Alberto Beingolea. El pepecista propone convertir a Lima en un “hub cultural [sic] de América del Sur”. Pasando por alto lo innecesario que es importar un término aerocomercial para expresar modernidad, Beingolea propone reestructurar las subgerencias de cultura (pero no dice para qué), apoyar tres eventos icónicos (no dice cuáles), realizar intervenciones artísticas “en las inmediaciones” de los eventos deportivos de los Juegos Panamericanos (como si estuviéramos holgados de tiempo y recursos) y promover las industrias culturales a través de fondos concursables (pero no explica cómo se financiarán). Beingolea sufre de adanismo; su plan, de retórica.
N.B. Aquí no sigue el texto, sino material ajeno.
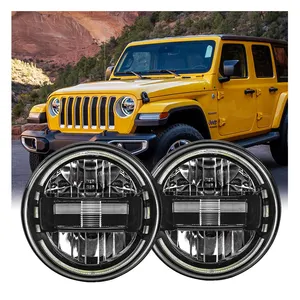 Loyo Auto Accessoires 2023 7 Inch Auto Koplamp Stip Goedgekeurd 60W 7 Inch Ronde Dag Lopende Led Koplamp Voor Jeep Wrangler Jk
Esther Capuñay. Su documento es la simple suma de todas las acciones, aventuras, sueños y lugares comunes que se le puedan ocurrir a alguien. Entre los delirios que destacan figuran algunos especialmente risibles como la creación de parques temáticos, un plan llamado “Cultura para la alegría” y la difusión del hip hop. Casi ahogada en este mar de excentricidades y voluntarismo, sobrevive una idea que ojalá alguien se anime a implementar: cine al aire libre en los parques zonales.

Jorge Muñoz. No comentaré las propuestas culturales del candidato de Acción Popular porque su campaña, plagada de prejuicios y teñida de clasismo, funciona como una confesión de parte que se debe rechazar. Muñoz invita a imaginar un lugar llamado “Limaflores”, y en ese salto ficcional insulta a la gran mayoría que busca representar y, de paso, avergüenza a los vecinos a los que hoy dirige.

Luis Castañeda Pardo. Su desprecio por la cultura es franco: apenas la menciona. Y cuando lo hace produce estas joyas: “Priorizar la cultura del respecto [sic] al peatón” y “Fomentar en la ciudadanía la cultura de los buenos hábitos alimenticios”. Hay herencias que son, en el fondo, presentes griegos.

La idea de que un candidato se vea obligado a poner por escrito qué haría en el cargo al que postula parte de una inocencia: que estos señores cumplen su palabra. Como se ve, en lo que refiere a cultura, los habitantes de la capital pueden ahorrarse la ingenuidad.